内容説明
日本海の隠岐島。討幕の2人の天皇が流された勤王の地。尊王攘夷派の若き庄屋・井上甃介は、幕末、農民3000人を集めて武装蜂起。幕府寄りの松江藩を島から追放し、世界初の自治政府を立てた。王政復古と維新に、夢をかけた男たち。だがその理想は、新政府に裏切られる。大いなる志を胸に闘い、倒れた若き志士たちの青春と復讐、再起を描く、激動の幕末維新ロマン!
感想・レビュー
※以下の感想・レビューは、株式会社ブックウォーカーの提供する「読書メーター」によるものです。
kawa
31
幕末、討幕の二人の天皇が流された勤王の島・隠岐の島で起こった尊王攘夷派の武装蜂起事件「隠岐騒動」が描かれる。あとがきに「歴史は、生き残った勝者が作る。勝者の名とその正義だけが、後世に伝わる。」とあるが全くその通り。知られていない事件に陽をあてて読者に提供していただいた著者に感謝。ノンフィクション風ながら冒頭の関係写真や挿入画にも助けられて、いつの間にか物語に引き込まれる充実作。東京城へ移された天皇を奪回して京に環幸り頂く挙兵「外山・愛宕(とやま・おたぎ)事件」も初知り。2019/11/16
天乃かぐち。
7
知らないことが多くあって驚きました。
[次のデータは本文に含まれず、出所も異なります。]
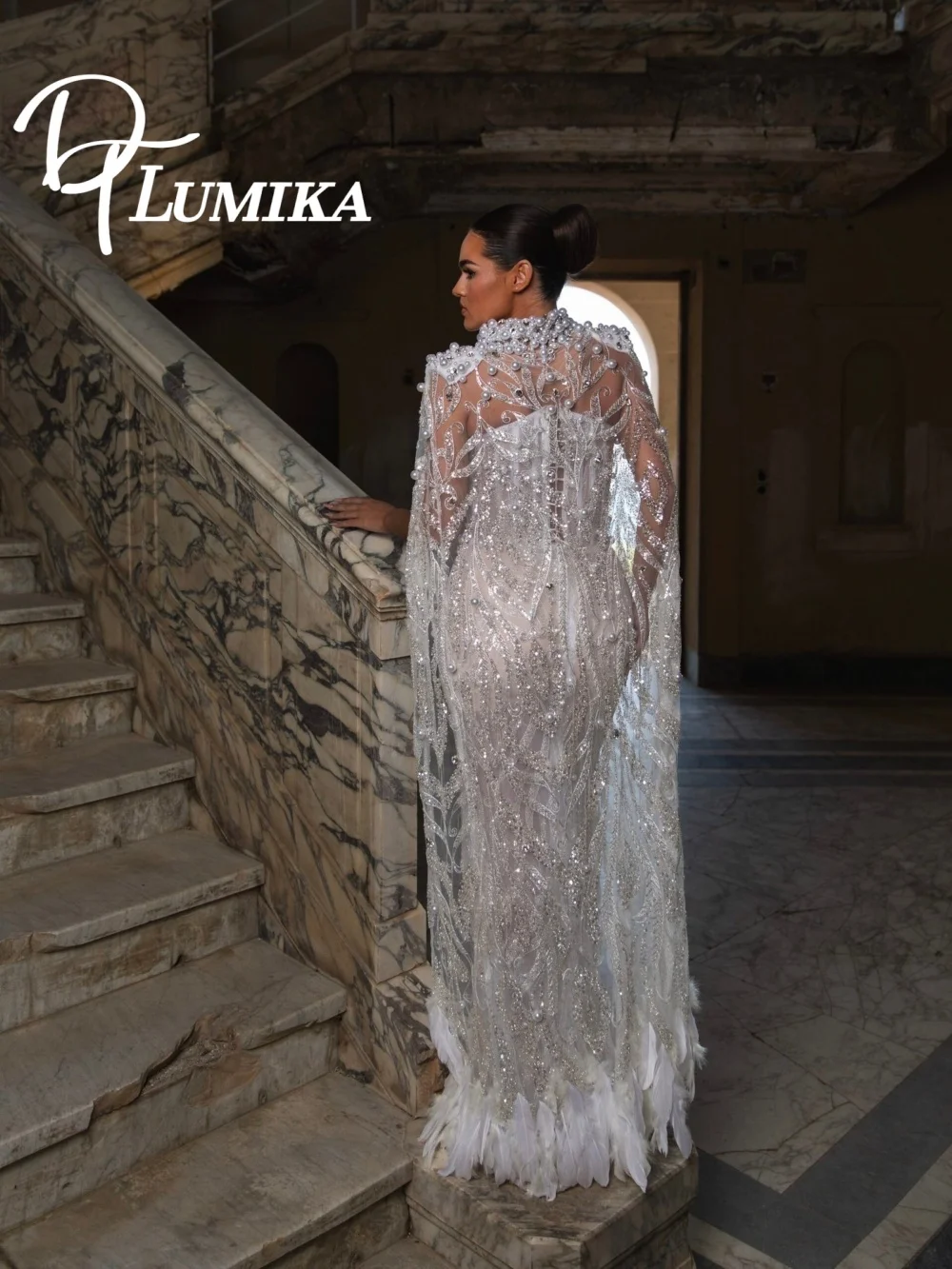 

Magnificent Cape-Sleeve Sparkle Wedding Dress 2026 Romantic Feather-Trim Bridal Gown Fashion Floor-Length Bridal Dress Robe De M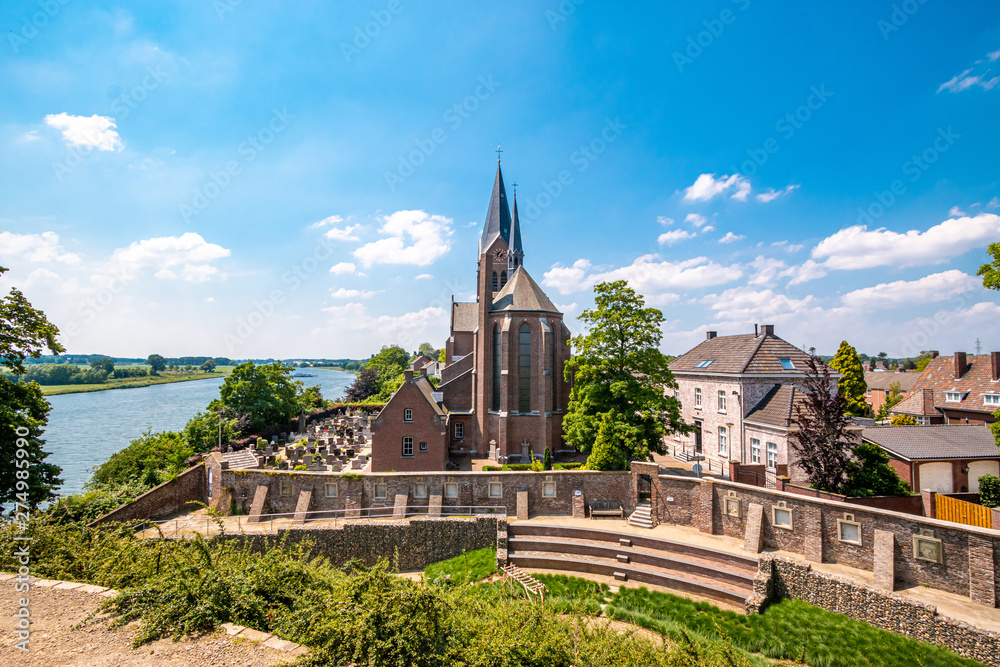 Blick von der Burg auf die Kirche in Keverberg an der Maas, Niederlande - obrazy, fototapety, plakaty 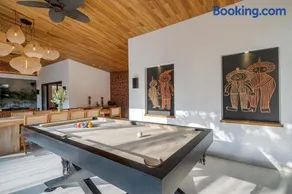 Incredible Family villa with water slide Beachside - Image 2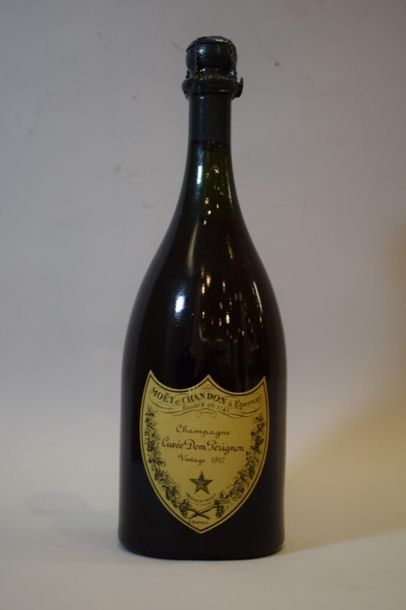 null 1 bouteille CHAMPAGNE "Dom Pérignon", Moët & Chandon 	1947 (bel état, couleur...
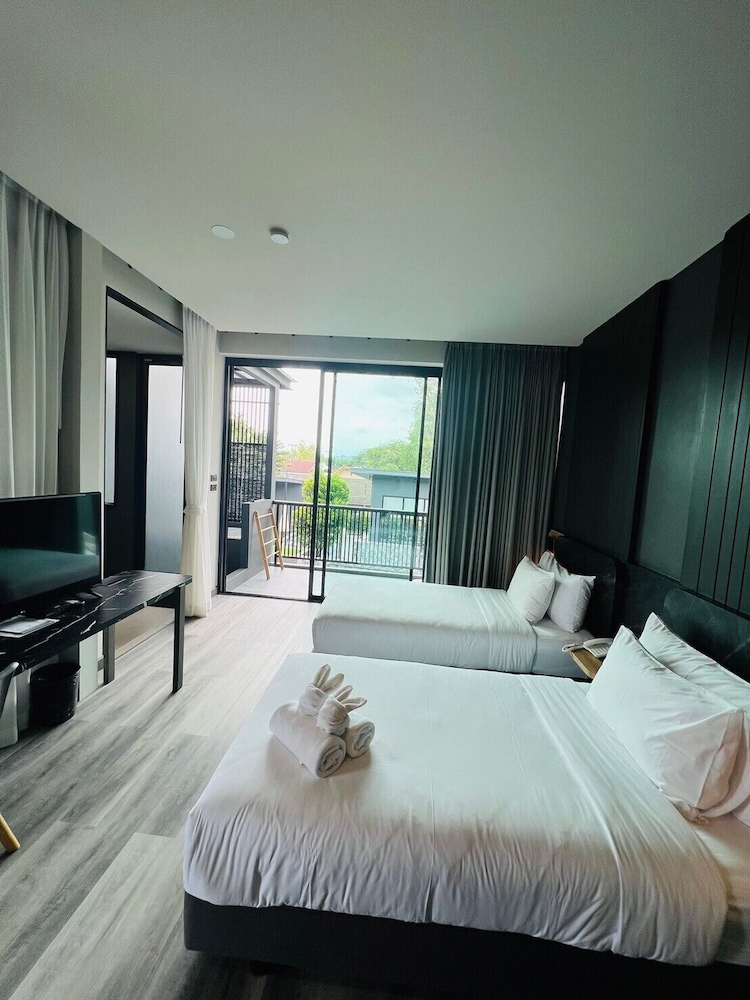 Superior Twin Room - Photo 11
地方部と言える隠岐諸島にある和漢の文献蓄積にも驚かされました。2023/08/11
SAT(M)
5
幕末を扱った作品でありながら、その舞台は江戸でも京都でも薩長でもなく隠岐島。農民たちが藩の代官を追い出し、打ち立てた自治政府の樹立と崩壊が描かれています。「民衆の反乱」モノでありながら、決して民衆サイドを絶対正義とするのではなく、その矛盾や暴走も描写されており、逆に「悪役」である松江藩内にも時流に流され理不尽な死を遂げねばならなかった藩士もいたというように、単純な善悪二分式ではない、イーブンな視点と複雑な時勢描写に引き込まれました。隠岐、行ってみよっかな。2016/07/17
熱東風(あちこち)
4
好著。/ただ、どちらかというと騒動の中心人物数名をフィクションを交えつつ描いているので、歴史的に偉業を成し遂げているはずなのにそのダイナミズムを感じるにはやや迫力不足の感は否めない。もっとも、農民が主体である故に、権力者である武士と対等に渡り合うことにかなりの力を注がざるを得なかったという背景はあるだろうが。/とはいえ、幕末~維新の時代で殆ど知られていない出来事を世に知らしめたという点で大いに意味のある書だと思う。巻頭に地図を載せてくれているのが親切で(広域~詳細三種類)、読み進めるのに大いに助かった。2016/10/16
活字の旅遊人
2
隠岐騒動。こんな歴史があったのだ。